▶ _WORK INSTRUCTIONS_:
Type the entries out again exactly as they read, but leave every picture behind.

▶ _Captioned web images_:
+ + + + + + +

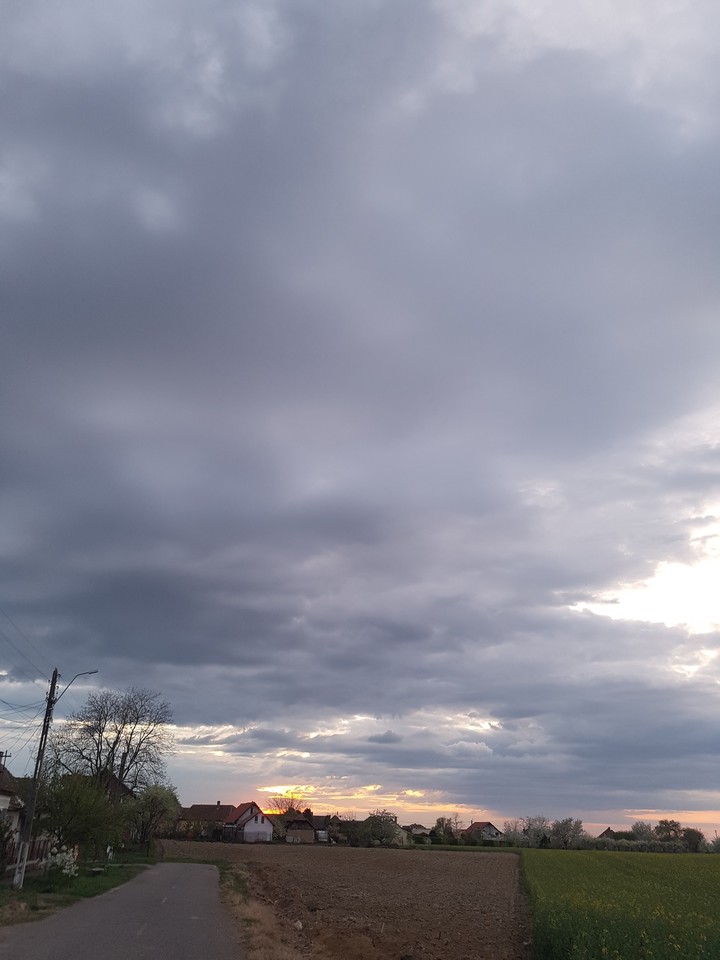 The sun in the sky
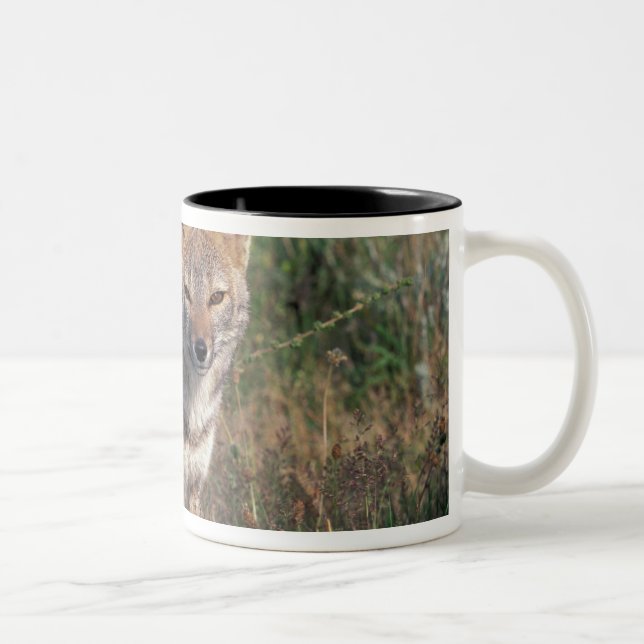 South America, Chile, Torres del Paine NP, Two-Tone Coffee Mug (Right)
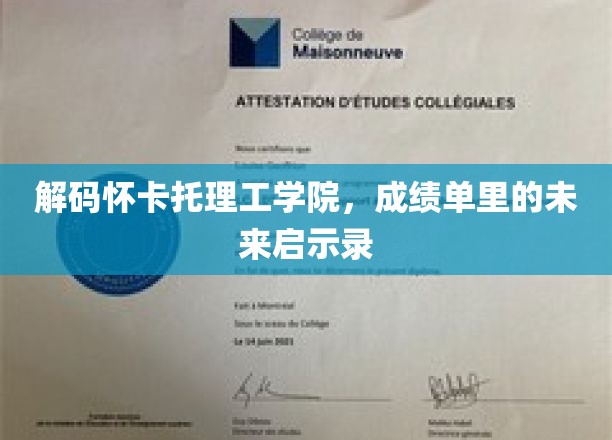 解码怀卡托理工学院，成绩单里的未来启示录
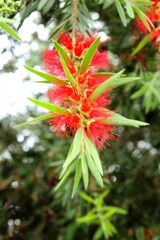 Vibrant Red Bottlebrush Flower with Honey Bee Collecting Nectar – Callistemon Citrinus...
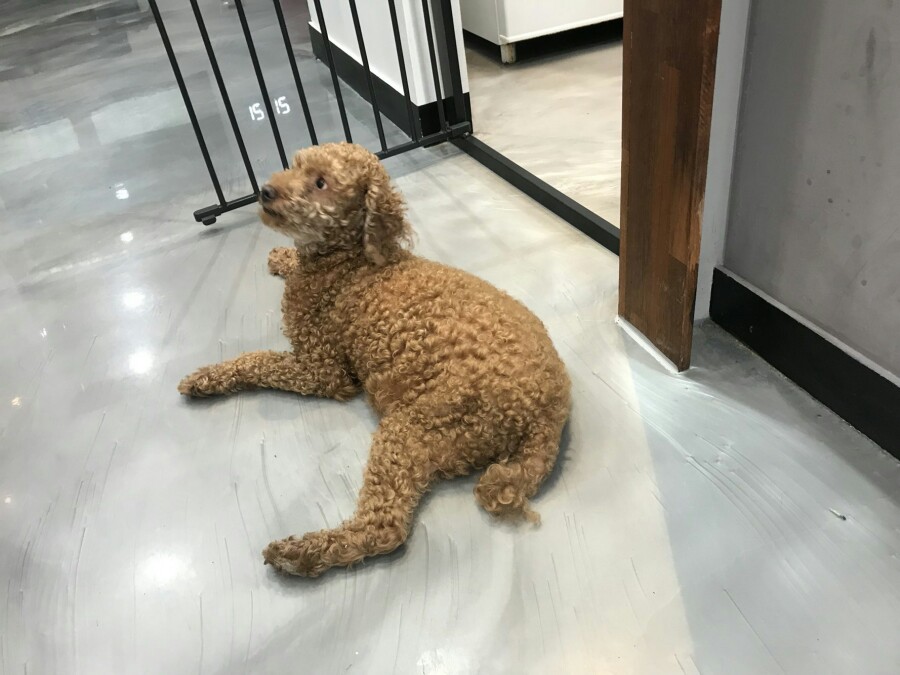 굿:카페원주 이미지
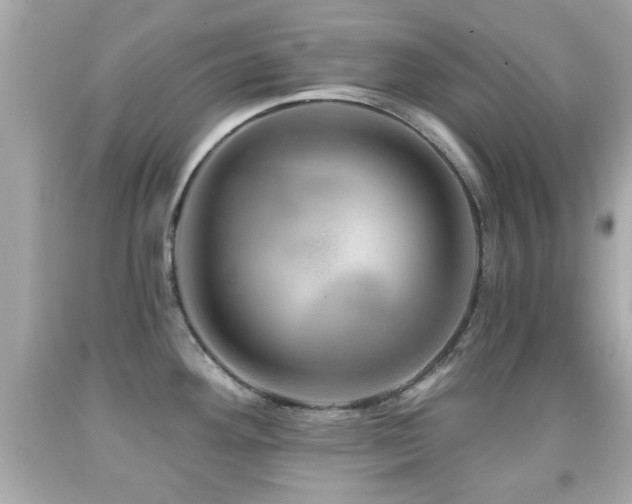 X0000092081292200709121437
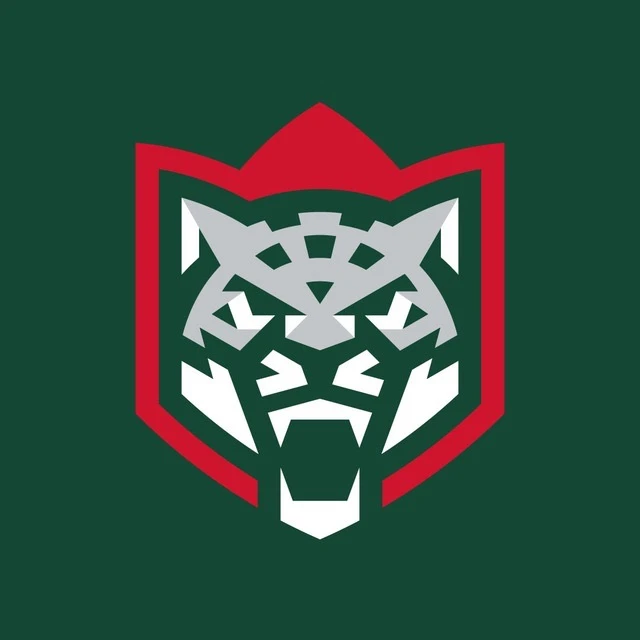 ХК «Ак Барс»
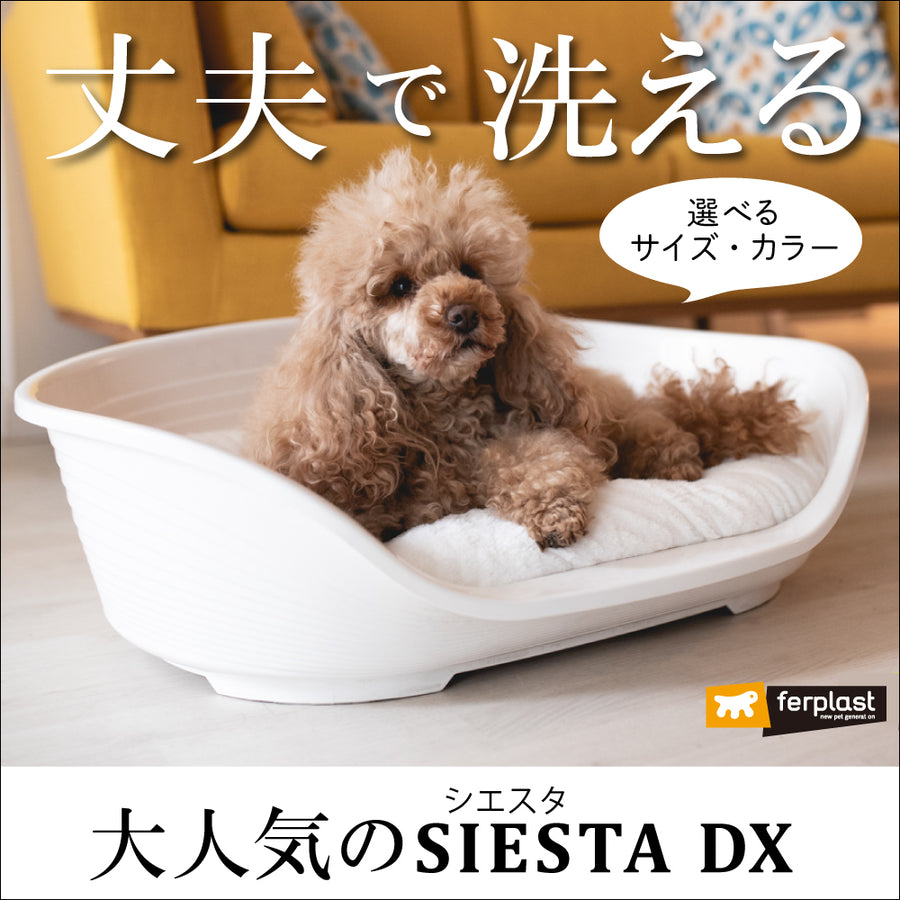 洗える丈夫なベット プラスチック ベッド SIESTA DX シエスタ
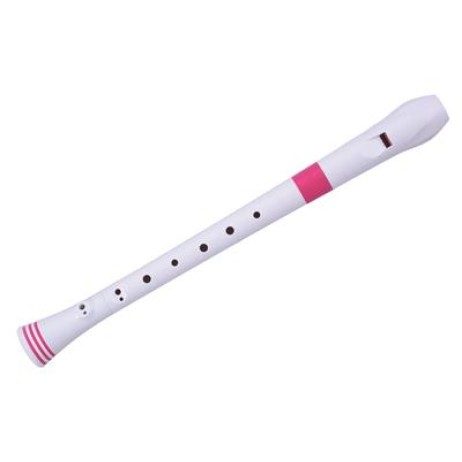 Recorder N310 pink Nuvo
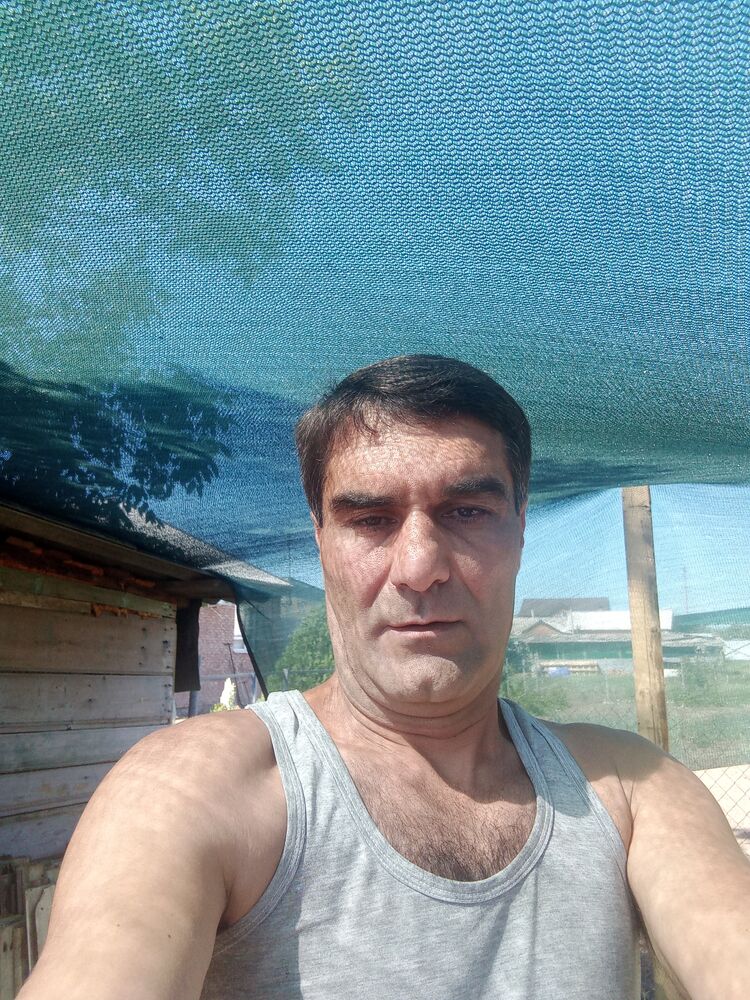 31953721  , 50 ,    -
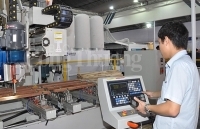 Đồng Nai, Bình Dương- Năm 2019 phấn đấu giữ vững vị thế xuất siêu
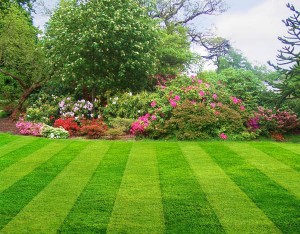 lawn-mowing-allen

+ + + + + + +

▶ _COMPLETED EXERCISE_:
 The sun in the sky
 South America, Chile, Torres del Paine NP, Two-Tone Coffee Mug (Right)
 解码怀卡托理工学院，成绩单里的未来启示录
 Vibrant Red Bottlebrush Flower with Honey Bee Collecting Nectar – Callistemon Citrinus...
 굿:카페원주 이미지
 X0000092081292200709121437
 ХК «Ак Барс»
 洗える丈夫なベット プラスチック ベッド SIESTA DX シエスタ
 Recorder N310 pink Nuvo
 31953721  , 50 ,    -
 Đồng Nai, Bình Dương- Năm 2019 phấn đấu giữ vững vị thế xuất siêu
 lawn-mowing-allen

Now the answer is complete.